Everyone over the age of three must prove that they are vaccinated, have recovered or tested negative for the coronavirus if they want to visit public spaces like sporting or cultural events, gyms, museums, restaurants, universities or conferences. In houses of worship, an exception applies for up to 50 people.
Children up to the age of 12 can be tested free of charge. Anyone over the age of 12 must pay for the coronavirus test themselves. With the measures, Israel's government is trying to prevent a possible lockdown during the Jewish holidays in September.
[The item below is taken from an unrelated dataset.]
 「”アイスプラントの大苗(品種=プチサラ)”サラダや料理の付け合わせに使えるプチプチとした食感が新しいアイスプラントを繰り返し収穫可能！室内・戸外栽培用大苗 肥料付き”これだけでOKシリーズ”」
On Tuesday evening, the Health Ministry reported 8,726 new coronavirus infections for the previous day, the highest figure in more than half a year. Yet more than 58% of Israel's roughly 9.4 million people are fully vaccinated. According to the government, more than 1 million people have already received a third vaccination as a booster.
According to the Health Ministry, masks are compulsory in all enclosed spaces, except in the home.
In addition, masks must be worn outside when more than 100 people gather. Additional restrictions apply to events: A maximum of 400 people may gather in halls and 500 outside. Private gatherings are limited to 50 visitors indoors and 100 outdoors.
Unseated mass gatherings indoors may be attended by up to 1,000 people, outdoors by up to 5,000. In shopping centers and shops with more than 100 square meters of sales area, only one customer per 7 square meters is allowed.